Did that give you interest in learning more about it or was it just a coincidence?
Well, it gave me enough interest in hearing what she had to say about Serbians, Serbian-Americans that when I was approached by the Serbian-American anthropologist and this Indian-British-American grant writer, I was listening to them, because I already had an idea of who the Chicago Serbs might be and I may have been more inclined to accept the new job than if I hadn’t seen it.
Was the film sponsored by someone?
Yeah, it was a Serbian-American anthropologist was seeing Chulas Fronteras with his wife and they were both very moved by it and she said to him “Why don’t you make a film about your people in the same way? Bring in the music and the culture and get a look at who these people are that make up the culture.” He agreed with her and then they came to me with a grant writer and they proposed doing the film and we struck a deal.
Is that fairly typical for how your films got made?
A couple. Sprout Wings and Fly was like that. A woman who was a folklorist and English teacher was a fanatic for banjo and Appalachian traditions of music. She comes from Texas herself. She struck up a friendship with Mike Seeger’s wife, she sang with Hazel Dickens. The lady came to me (I had known her since I’d made Lightnin’ Hopkins) and they said, “Will you make our film?” And they gave me some samples of his [Tommy Jarrell, the subject of Sprout Wings and Fly] music and then they said “If you give us the go ahead, we’ll apply for a grant and see what we’ll do.” I went out to North Carolina knowing hardly anything about this man, I just had a feeling for the mountains and the music that comes out of there. I’d seen John Cohen’s film The High Lonesome Sound. I was hoping to make something approaching that in quality that they found. I showed Sprout Wings and Fly at the Hawaii Film Festival and a young woman there who wanted to film, who wanted to document her relatives, her Hawaiian-German relatives, she approached me. Same thing happened again. I said, “You get the money and I’ll take it up.” So that’s how Puamana got made. Chris Strachwitz [founder and president of Arhoolie Records] liked my work on Lightnin’ Hopkins and Mance Lipscomb, later, on Hot Pepper, [with] Clifton Chenier, all of whom are in his stable of recording artists. He then wanted me to help him do a film on Texas-Mexican border music. That became Chulas Fronteras. But he didn’t pay me any money, he just paid the cost of production and I ended with half ownership and any money that might come in after he’d made back his money.
So many of your films are about music or food or both. Is there any particular explanation for that?
Well, I always have liked music and I remember when I was a kid, the very first time I heard a trombone, for instance. My parents didn’t have a lot… of music, but what little they had I listened to over and over.

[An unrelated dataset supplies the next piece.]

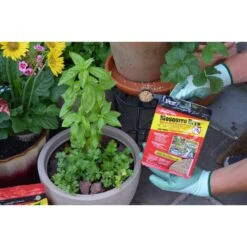 Summit Mosquito Bits Larvae Control Granules -Fish Products 301651 PT2. AC SS1800 V1685978258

What kind of stuff did they have?
They had Ferde Grofé’s Grand Canyon Suite, it’s a piece that tries to give the clippity-clop of the mules, the burros and the music. They have music for the sunrise and music for a squall. That made me interested and my brother had the Peer Gynt Suite on forty-five. I listened to that. Somehow, someone had bought Duke Ellington’s “Blue Indigo” and another one that was mesmerizing: Cab Calloway [on the] radio. I heard a lot of people on the radio. I had a radio right next to my pillow. I’d go to sleep and listen to music, a lot of it good: Al Jolson, who I liked a lot, Bing Crosby. You name it, that came through the radio, the hit parade. I didn’t hear a whole lot of ethnic music. We had a maid (I lived in Florida). I could hear the maids humming and one of them had a boyfriend who could play the trumpet. (I played the trumpet as a kid.) He gave me some licks on the trumpet and I was amazed; it wasn’t anything like what I was learning in school—John Sousa marches—the guy played real blues and I said “What’s that?” He started trying to tell me what blues was and I was too young to understand. Later on, I went to summer camp with Ernest Tubb’s son, Justin. He came up and sang every Sunday at the camp. And I was totally interested in country music after that, started digging around and getting my father to take me to the country show that came through town. [I] saw Ernest Tubb again, I still remember a joke he told to this day. I became a lifelong fan of Ernest Tubb and the musicians who followed him… Hank Williams, all those folks.
Can you tell me the joke?
Yeah. Man went into a restaurant and said, “What do you have for breakfast?” Said, “We have some tongue.” He said, “Tongue, good heavens, that’s nasty, I don’t want anything that came out of some animal’s mouth. Gimme a boiled egg.” You know, the boiled egg comes out of another cavity, another orifice.
How it was going from being a kid listening to Duke Ellington to interviewing Dizzy Gillespie? It seems fairly casual and intimate, just kind of following him around and talking to him in the dressing room…
Well, strangely, I didn’t know who Dizzy Gillespie was. When I a kid, a teenager, I was nuts about traditional Dixieland music. I went to boarding school up in the East. On the way to and from, mostly on the way from, boarding school, I would overnight in New York and go to the jazz clubs on 52nd Street: Jimmy Ryan’s… Eddie Condon’s was another one. Not far away was the place where Gillespie and those people, Thelonious Monk played. Well, that kind of music, bebop, was beyond my sphere of knowledge. I think I heard kids at my school talking about, throwing his name around, but I never really heard it or developed an interest in it—it was too weird for me. So when I started the film, I had to start listening to Dizzy Gillespie and only then did I start developing an appreciation for what he was doing. Someone else had started that film and asked me to finish it for him.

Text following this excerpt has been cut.